According to Heidegger, before we can ask about what sorts of properties objects might be said to have, we must first look at and examine what it means for something to 'be'. In other words, why is there something, rather than nothing?
Up to this point few philosophers had addressed the question yet for Heidegger, an answer was vital before any other philosophical question could be considered.
He felt that the Pre-Socratic philosophers were more in touch with the concept of being, whereas since then, philosophy had managed to bury and obscure it.
For Heidegger the question 'What is Being?' comes down to
contemplating what sort of being one is. To refer to it he came up
with a word 'Dasein' which translated means
'being-in-the-world' or 'the entity which each of us himself is'.
In Heidegger's phenomenology, Dasein's first comprehension of objects is not of independent material things to be analyzed and measured; instead, it is of things as tools to be used as needed. Secondly, it is important to explore what Dasein's comprehension of self is.
According to Heidegger, Dasein is a temporal, self-conscious phenomenon that knows its own fate, that of being finite and mortal.
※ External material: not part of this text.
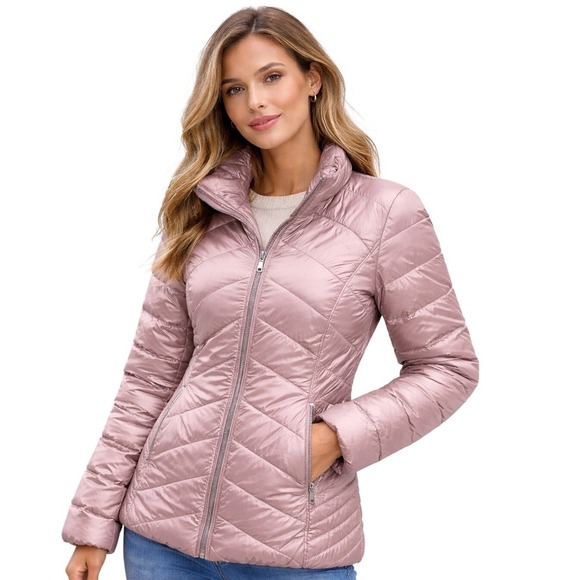 Karl Lagerfeld Jackets & Blazers - Karl Lagerfeld Paris Women's Quilted Puffer Jacket S Blush Hooded Coat winter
This awareness invariably generates angst or dread; however, only in full realization of our mortality can life take on any purposeful meaning. Therefore, it is this self-awareness leads to the 'authenticity' of a life created out of nothing (the existential part of Heidegger's philosophy).
Heidegger, like Nietzsche, rejected the notion of a world that existed outside the conscious observer. From a phenomenological point of view, the world is the condition we engage with and inhabit; it is essential to how we live.
Rather than seeing it as a physical object against which we exist as individual thinking subjects, we should regard that we exist as 'beings-in-the-world.' Dasein, our human reality, is the ways in which we inhabit life.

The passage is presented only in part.